The Great Reversal

   Written by on August 17, 2017 at 10:20 am

logo-smith-gregOne of the great citizens of France during the 1300s was Nicolas Flamel.  A great philanthropist, Flamel was also known as a scientist and mystic.  The particular brand of work he did was the ancient art of alchemy.  Legend had it that alchemists could take base metals and turn them into gold.  For thousands of years, alchemists from Egypt, Babylon, Greece, and other parts of Europe endeavored to perform this transmutation.  Somewhat like Ponce de Leon’s Fountain of Youth, alchemy was something that lay in that shadowy place between myth and science.  Nicolas Flannel, however, just may have accomplished this tremendous feat.  Though there were no witnesses aside from Flamel’s wife, history records that his wealth increased suddenly, and he enjoyed good fortune and serenity for the rest of his life.

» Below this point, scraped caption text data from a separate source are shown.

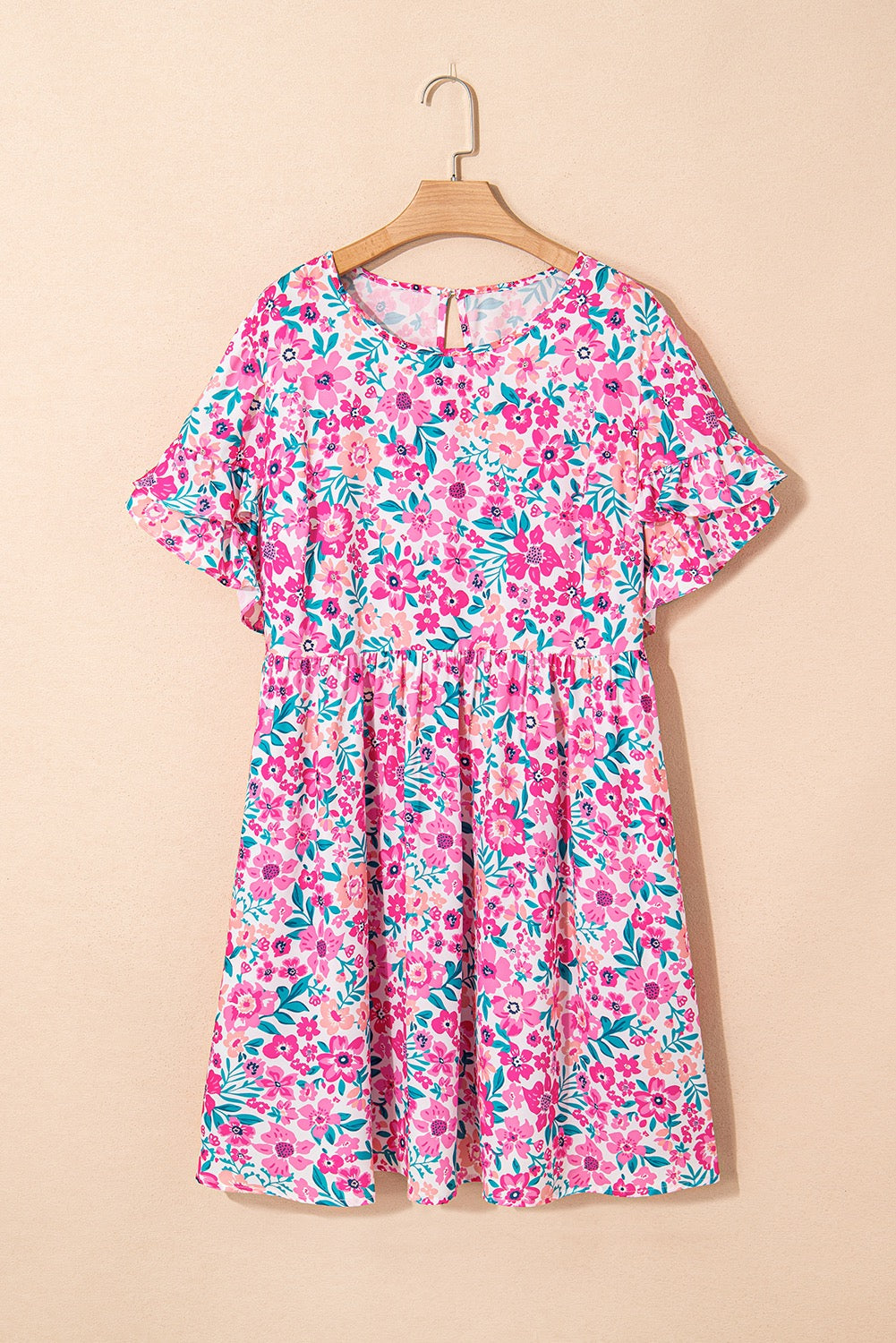 White Floral Plus Size Dress LT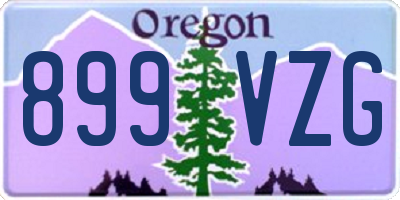 OR license plate 899VZG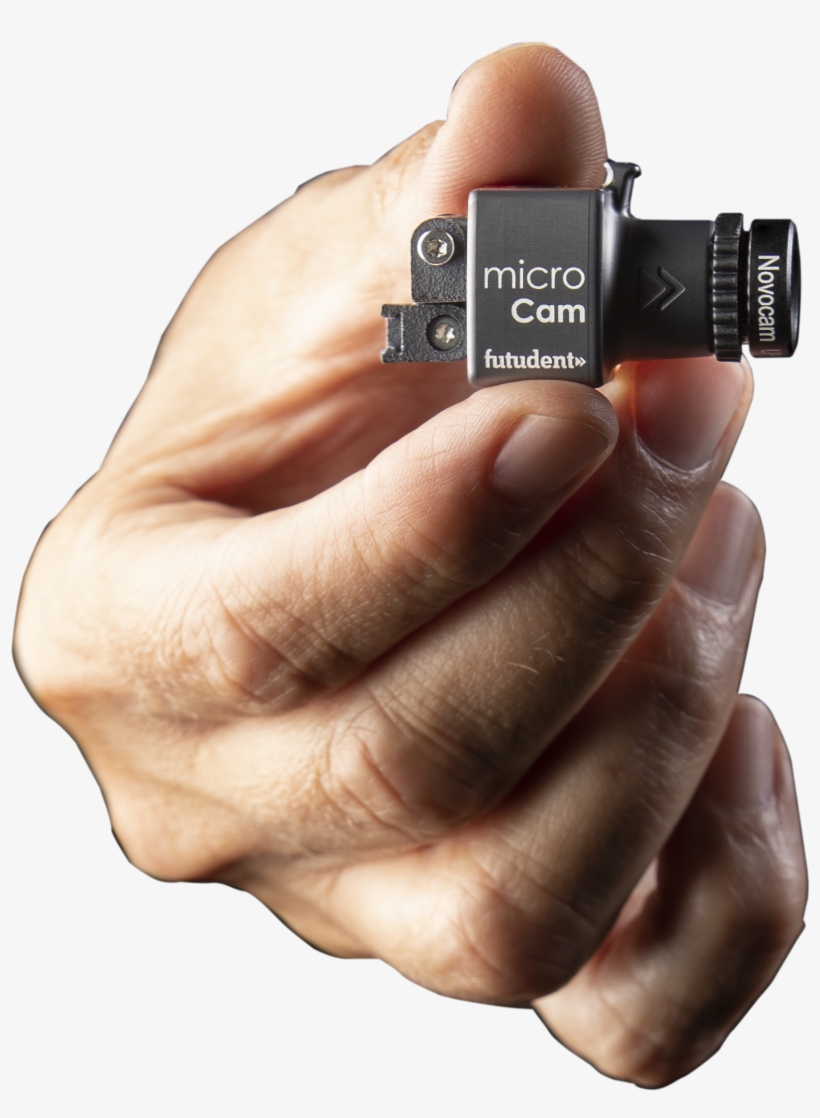 Microcam In Hand Cropped - Microcam Futudent, transparent png #9858360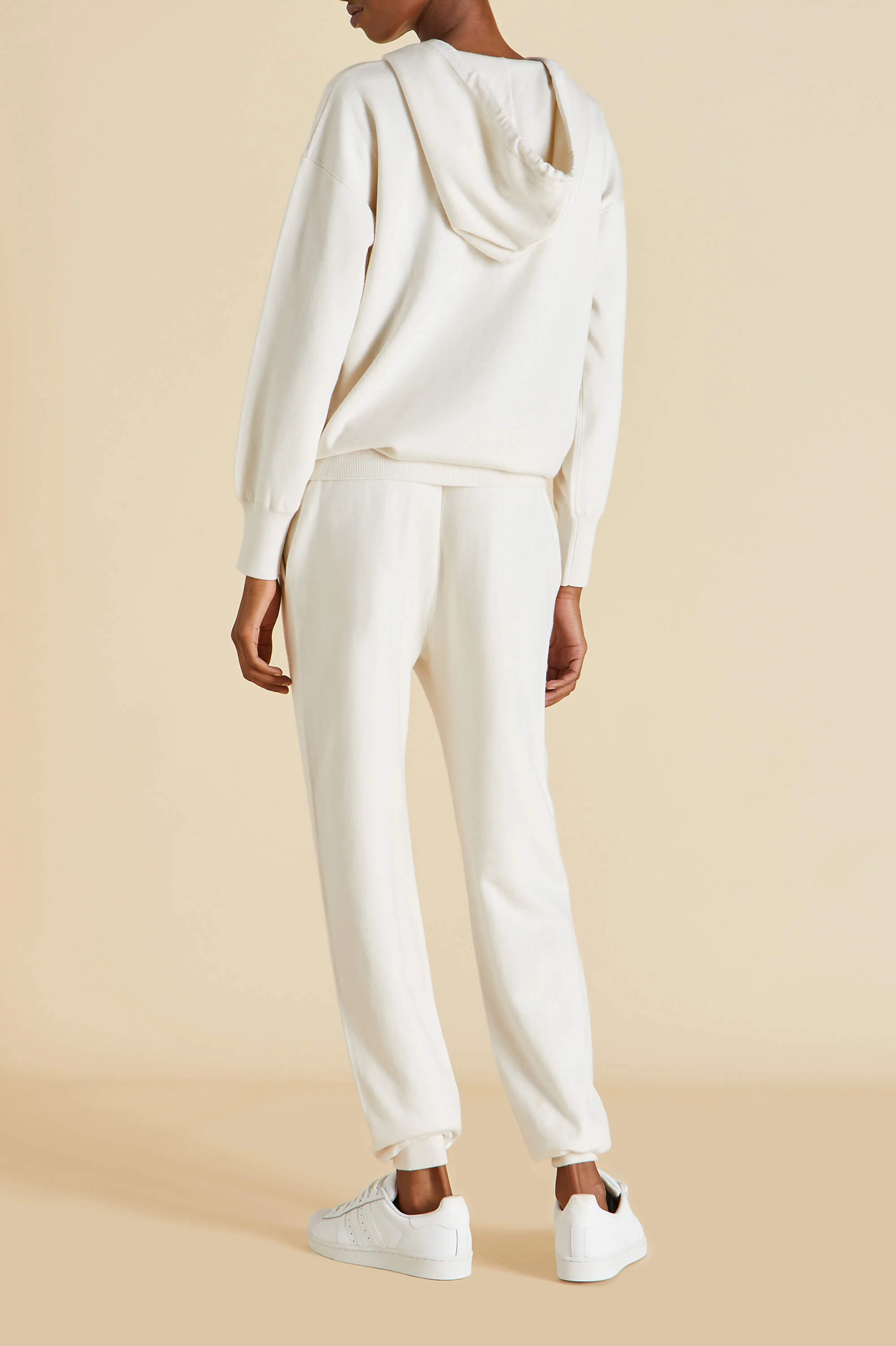 Gia Alaska Ivory Tracksuit in Silk-Cashmere - Image 7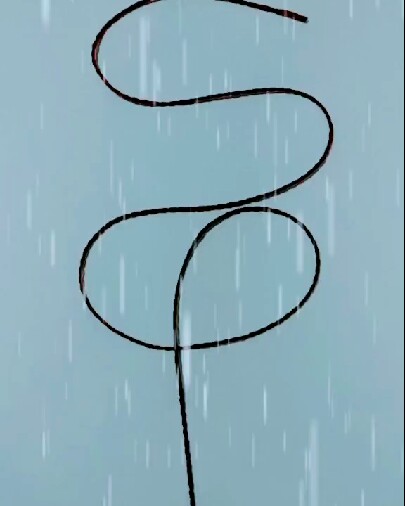 一根线做出的画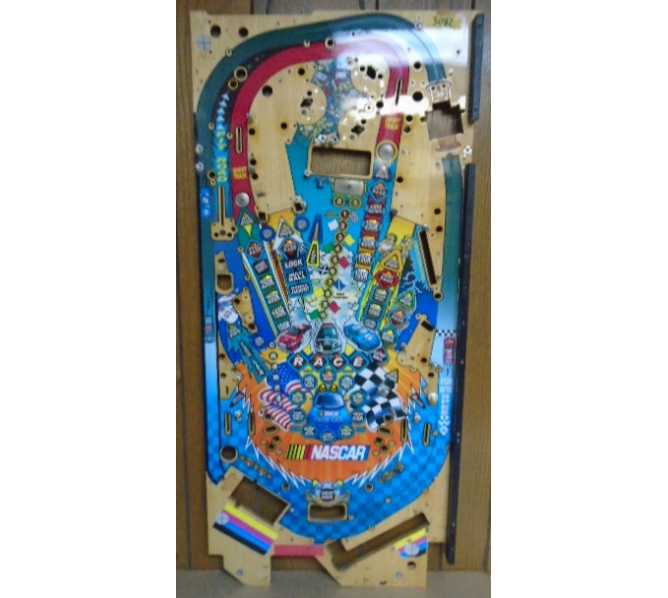 NASCAR Pinball Machine Game Playfield #3082 for sale  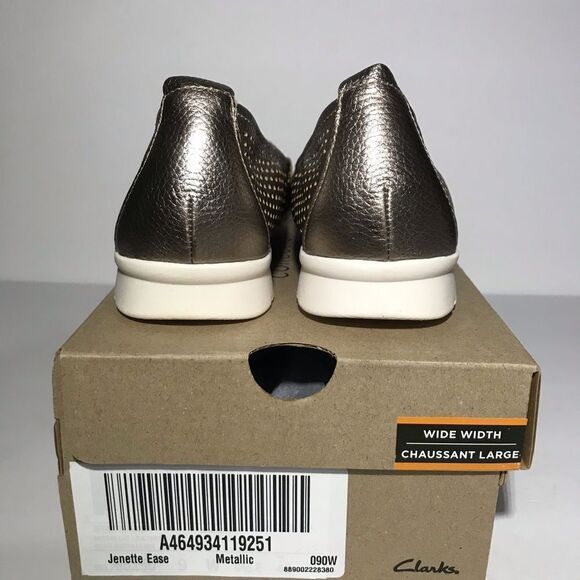 Clarks Collection Jenette Ease Perforated Leather Flats - Picture 6 of 7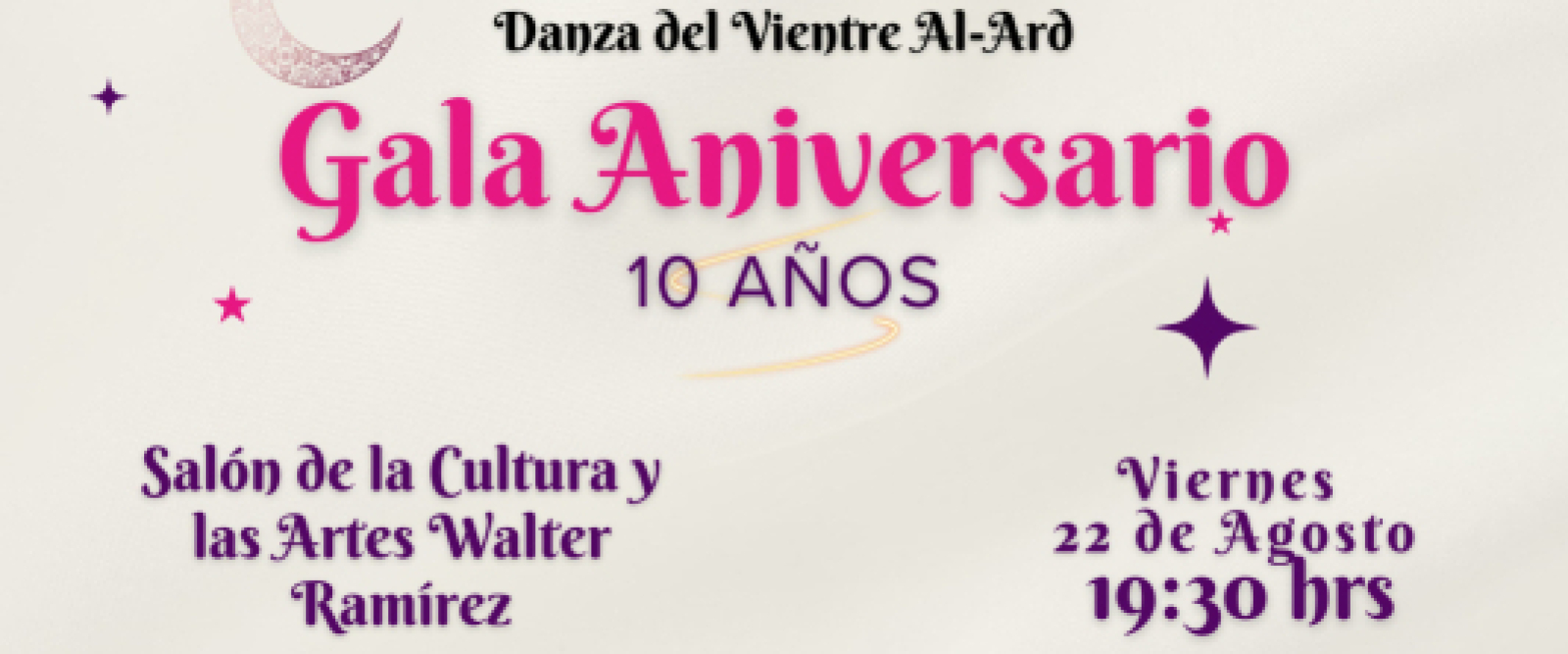 Escuela de Danza del Vientre Celebra su Décimo Aniversario con Gala Artística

Flamel was a scribe.  Among the many books that he copied there were many alchemical texts.  One that he acquired was not printed on paper, but on tree bark.  With the aid of this book and the advice of a Jewish doctor he met while on a pilgrimage to Spain, Flamel discovered, as he says, the secret to transmutation.  He used a special red stone that he called the Philosopher’s Stone, along with other scientific-type equipment in his work where he allegedly turned mercury into gold.  He repeated this several times, until he was able to use this gold in his philanthropic works.  Nicolas and Perenell Flamel founded and endowed with revenues fourteen hospitals, three chapels, and seven churches in Paris.  Flamel continues in his writing, “We have also accomplished in Boulogne about as much as we have in Paris, not to speak of the charitable acts which we both performed, specially with regard to widows and orphans.”  In an archway that he had built in the Cemetery of the Holy Innocents a mural still exists today, which depicts his wondrous work of transmutation.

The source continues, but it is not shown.